Exercise: Look for "Jeep" in the records and copy every line that has it.

Data supplied:
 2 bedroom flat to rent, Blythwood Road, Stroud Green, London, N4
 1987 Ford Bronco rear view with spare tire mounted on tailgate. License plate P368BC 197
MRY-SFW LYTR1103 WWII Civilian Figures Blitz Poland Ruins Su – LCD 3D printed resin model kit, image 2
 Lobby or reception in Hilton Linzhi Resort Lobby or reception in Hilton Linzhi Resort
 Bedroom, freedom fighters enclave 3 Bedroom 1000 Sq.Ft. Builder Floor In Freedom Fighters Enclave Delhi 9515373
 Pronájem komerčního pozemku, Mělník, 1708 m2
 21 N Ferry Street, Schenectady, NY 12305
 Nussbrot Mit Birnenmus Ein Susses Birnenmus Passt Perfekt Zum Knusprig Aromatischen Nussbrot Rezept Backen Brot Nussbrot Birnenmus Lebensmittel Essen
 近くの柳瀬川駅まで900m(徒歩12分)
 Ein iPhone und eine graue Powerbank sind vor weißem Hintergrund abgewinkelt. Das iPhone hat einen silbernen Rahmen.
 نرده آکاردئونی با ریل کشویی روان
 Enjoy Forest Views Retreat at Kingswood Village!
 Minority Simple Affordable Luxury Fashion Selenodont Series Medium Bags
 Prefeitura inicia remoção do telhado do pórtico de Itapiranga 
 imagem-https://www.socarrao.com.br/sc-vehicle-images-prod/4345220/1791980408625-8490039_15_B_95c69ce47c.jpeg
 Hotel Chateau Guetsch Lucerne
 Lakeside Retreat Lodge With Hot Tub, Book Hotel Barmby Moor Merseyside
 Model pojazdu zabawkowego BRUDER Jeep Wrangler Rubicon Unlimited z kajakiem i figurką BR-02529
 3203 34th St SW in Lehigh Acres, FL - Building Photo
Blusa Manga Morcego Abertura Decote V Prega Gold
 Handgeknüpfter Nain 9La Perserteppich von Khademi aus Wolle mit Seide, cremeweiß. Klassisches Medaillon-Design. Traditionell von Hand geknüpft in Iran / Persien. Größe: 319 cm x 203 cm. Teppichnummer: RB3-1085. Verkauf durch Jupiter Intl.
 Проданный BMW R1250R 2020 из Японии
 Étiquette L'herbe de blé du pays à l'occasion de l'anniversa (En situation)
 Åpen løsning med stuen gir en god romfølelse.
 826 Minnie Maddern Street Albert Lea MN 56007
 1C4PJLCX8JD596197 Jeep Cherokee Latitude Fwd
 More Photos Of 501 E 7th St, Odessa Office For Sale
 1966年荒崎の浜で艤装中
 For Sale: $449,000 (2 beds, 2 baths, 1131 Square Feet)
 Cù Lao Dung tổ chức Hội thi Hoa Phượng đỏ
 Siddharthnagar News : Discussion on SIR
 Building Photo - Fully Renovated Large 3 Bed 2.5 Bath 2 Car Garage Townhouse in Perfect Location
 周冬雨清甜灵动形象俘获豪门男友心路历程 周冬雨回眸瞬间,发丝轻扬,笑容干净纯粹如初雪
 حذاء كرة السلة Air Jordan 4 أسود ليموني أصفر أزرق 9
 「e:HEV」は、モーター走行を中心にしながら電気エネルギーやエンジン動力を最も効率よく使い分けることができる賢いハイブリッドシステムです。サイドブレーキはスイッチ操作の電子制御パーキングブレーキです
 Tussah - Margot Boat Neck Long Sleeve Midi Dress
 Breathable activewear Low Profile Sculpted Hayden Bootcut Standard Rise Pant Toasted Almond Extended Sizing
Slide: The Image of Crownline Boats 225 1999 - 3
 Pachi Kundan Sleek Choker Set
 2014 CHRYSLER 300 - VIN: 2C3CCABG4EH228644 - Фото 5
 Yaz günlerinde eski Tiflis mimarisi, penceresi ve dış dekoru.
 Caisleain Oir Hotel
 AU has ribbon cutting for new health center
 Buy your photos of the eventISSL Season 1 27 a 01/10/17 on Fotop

Output of the task:
 Model pojazdu zabawkowego BRUDER Jeep Wrangler Rubicon Unlimited z kajakiem i figurką BR-02529
 1C4PJLCX8JD596197 Jeep Cherokee Latitude Fwd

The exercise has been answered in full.